━━ INFORMATION
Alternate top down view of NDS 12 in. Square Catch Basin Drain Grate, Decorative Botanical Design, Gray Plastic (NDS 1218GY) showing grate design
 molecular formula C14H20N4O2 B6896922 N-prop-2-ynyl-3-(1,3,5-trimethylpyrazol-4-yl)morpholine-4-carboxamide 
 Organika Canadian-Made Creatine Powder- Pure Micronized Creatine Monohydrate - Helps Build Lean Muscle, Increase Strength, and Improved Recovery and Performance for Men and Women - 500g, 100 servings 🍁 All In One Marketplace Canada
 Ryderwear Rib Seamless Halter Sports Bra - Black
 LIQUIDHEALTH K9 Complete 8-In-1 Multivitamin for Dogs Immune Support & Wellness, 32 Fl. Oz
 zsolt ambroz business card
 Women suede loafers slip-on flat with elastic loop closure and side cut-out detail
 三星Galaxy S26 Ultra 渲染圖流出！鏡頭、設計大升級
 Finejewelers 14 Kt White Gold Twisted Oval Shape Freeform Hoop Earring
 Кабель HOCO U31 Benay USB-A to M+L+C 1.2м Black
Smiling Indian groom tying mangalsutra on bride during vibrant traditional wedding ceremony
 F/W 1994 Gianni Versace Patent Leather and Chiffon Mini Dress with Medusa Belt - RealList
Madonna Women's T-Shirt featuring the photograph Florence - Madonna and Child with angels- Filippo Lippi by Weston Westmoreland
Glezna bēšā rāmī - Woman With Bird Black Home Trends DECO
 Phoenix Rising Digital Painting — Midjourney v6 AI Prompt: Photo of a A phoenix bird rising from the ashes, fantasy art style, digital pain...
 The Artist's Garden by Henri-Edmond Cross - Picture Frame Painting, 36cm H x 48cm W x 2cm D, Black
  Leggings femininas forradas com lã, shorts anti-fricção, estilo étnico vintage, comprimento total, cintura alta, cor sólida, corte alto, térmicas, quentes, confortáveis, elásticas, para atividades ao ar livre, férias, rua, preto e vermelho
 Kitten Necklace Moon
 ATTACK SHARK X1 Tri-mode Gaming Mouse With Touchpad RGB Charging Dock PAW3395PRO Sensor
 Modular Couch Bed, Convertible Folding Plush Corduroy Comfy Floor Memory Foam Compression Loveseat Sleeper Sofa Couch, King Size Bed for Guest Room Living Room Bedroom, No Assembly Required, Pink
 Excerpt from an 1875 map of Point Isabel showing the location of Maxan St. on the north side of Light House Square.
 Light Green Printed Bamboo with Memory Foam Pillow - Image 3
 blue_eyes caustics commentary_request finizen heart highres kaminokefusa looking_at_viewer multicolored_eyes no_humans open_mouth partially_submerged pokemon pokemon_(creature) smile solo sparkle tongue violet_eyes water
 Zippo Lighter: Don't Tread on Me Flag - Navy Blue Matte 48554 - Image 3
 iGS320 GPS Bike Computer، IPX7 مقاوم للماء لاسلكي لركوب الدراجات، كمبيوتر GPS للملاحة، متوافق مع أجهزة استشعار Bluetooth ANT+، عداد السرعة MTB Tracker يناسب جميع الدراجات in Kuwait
━━━━
EXERCISE BRIEF:
From the material given, work out how many lines hold the string "Image"; state that number and nothing further.

EXERCISE OUTPUT:
2